My favorite way to run power analyses is via simulation. Simulation-based power analyses are more difficult and take longer to setup and run, but they’re more pedagogical. Simulations require you to understand your data because you have to define the exact parameters that define your data set (e.g., means, standard deviations, correlations). It also creates a very intuitive understanding of what power is: Power is simply counting how often you find the results you expect to find.

Still, running simulation-based power analyses might be too difficult for some. So in this blog post I present code to simulate data for a range of different scenarios.

Setup

Run the following code to get started. The most important package here is MASS. It contains a function called mvrnorm() that enables us to simulate data from a multivariate normal distribution. This means we’ll simulate data for scenarios where we have a continuous outcome. I really like this function for simulating data because it has an argument called empirical that you can set to TRUE, which causes your simulated data to have the exact properties you set (e.g., exactly a mean of 4). This is a great way to check out your simulated data and see if it makes sense.

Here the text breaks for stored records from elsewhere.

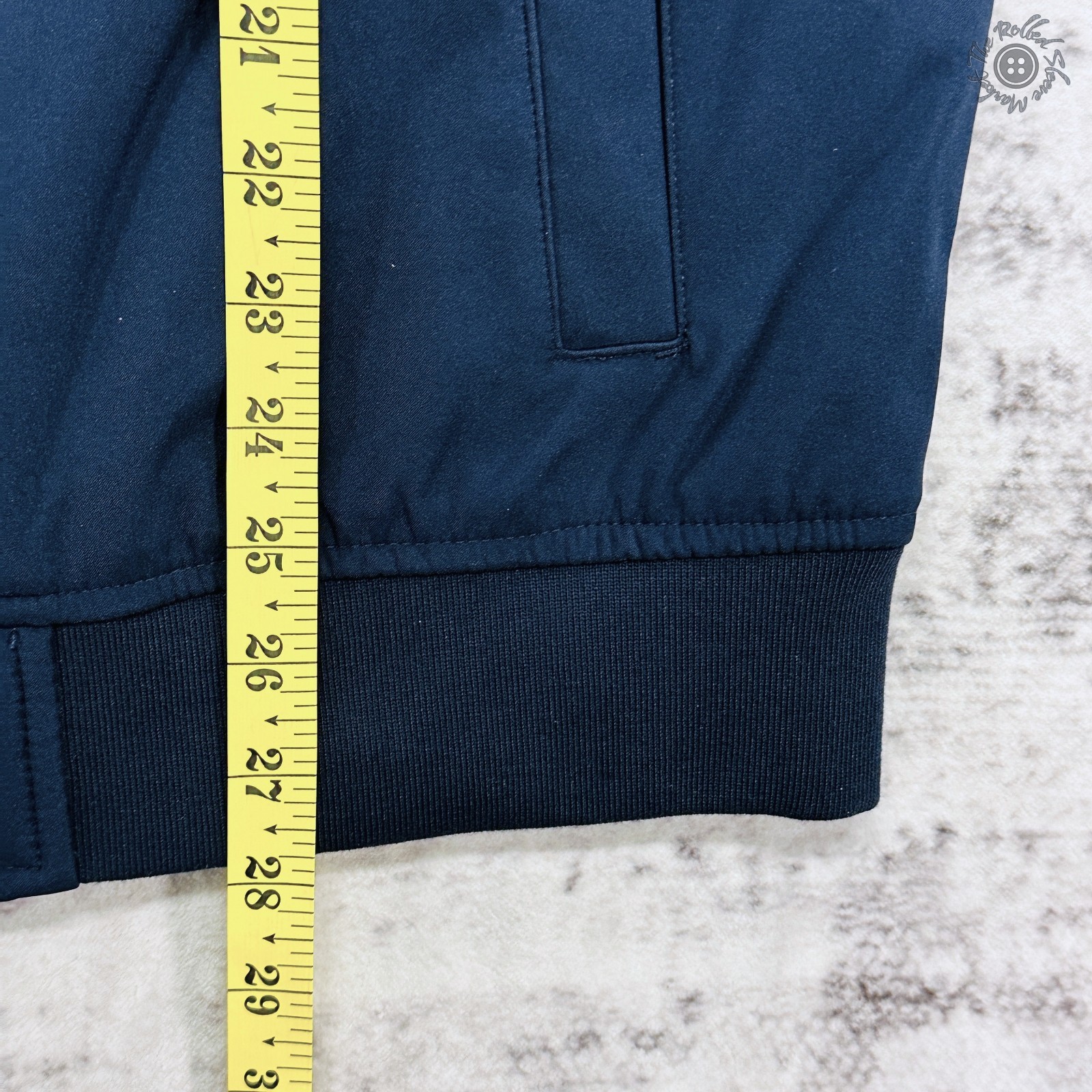NWT Tommy Hilfiger THFlex Men’s Medium Wind Water Resistant Midnight Navy Jacket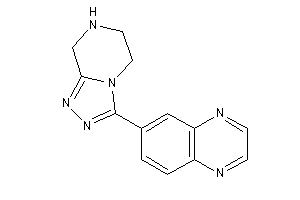 6-(5,6,7,8-tetrahydro-[1,2,4]triazolo[4,3-a]pyrazin-3-yl)quinoxaline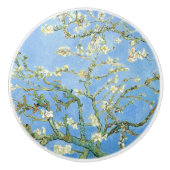 Van Gogh Almond Blossom, Sky Blue Keramische Knop (Voorkant)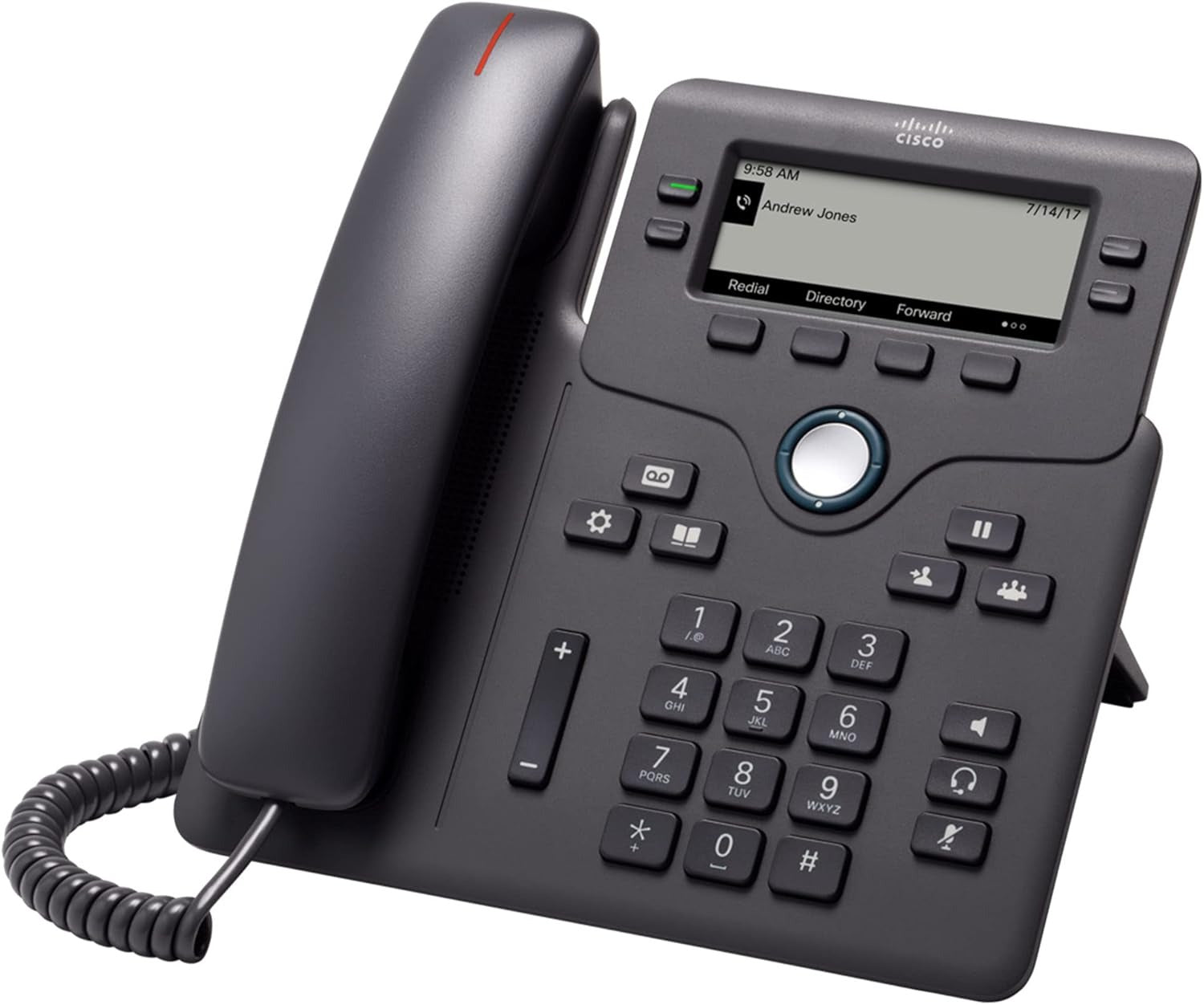 Cisco IP Desk Phone (CP-6841) - Black (Renewed)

We will use the tidyverse because we need to prepare the data after simulating it. mvrnorm() returns a matrix with each simulated variable as a column. This means we sometimes need to prepare the data so that we can perform the tests we want to run or for visualization purposes.

The effectsize package will be used to inspect the data by calculating standardized effect sizes. This will allow us to check whether the parameters are plausible.

Finally, we sometimes use the broom package to extract p-values from the statistical tests that we’ll run. This will be necessary to calculate the power because power is (usually) nothing more than the number of significant p-values divided by the number of tests we simulated data for. In a future post I might focus on Bayesian analyses, so we won’t be dealing with p-values then, although the logic will be the same.

Besides loading packages, we also set the s variable. The value of this variable will determine how many times we’ll simulate the data during the power analysis. The higher this number, the more accurate our power estimates will be.

# Load packages
library(MASS)
library(tidyverse)
library(effectsize)
library(broom)

# Set global parameters
s <- 1000 # Number of loops in the power simulation

# Optional: Create color variables for the plots
green <- "#00B88D"
yellow <- "#f39c12"
off_white <- "#cccccc"

With the setup out of the way, let’s cover our general approach to power analyses:

1. Simulate the data with fixed properties
2. Check the data to see if the data is plausible
3. Run the tests we want to run on this data
4. Repeat steps 1 to 3 many times, save the p-values, and calculate power

We’ll do this for various scenarios. In each scenario we start by defining the parameters. I’ll focus on providing means, standard deviations, and correlations, because those are usually the parameters we report in the results section, so I’m guessing most researchers will have some intuitions about what these parameters mean and whether the results are plausible.

The mvrnorm() function requires that we pass it the sample size, the means, and a variance-covariance matrix. The first two are easy to understand, but the variance-covariance may not be. It’s relatively straightforward to convert means, SDs, and correlations to a variance-covariance matrix, though. Variance is simply the standard deviation squared and the covariance is the product of the standard deviations of the two variables and their correlation. You’ll see in some scenarios below that this is how I construct the variance-covariance matrix.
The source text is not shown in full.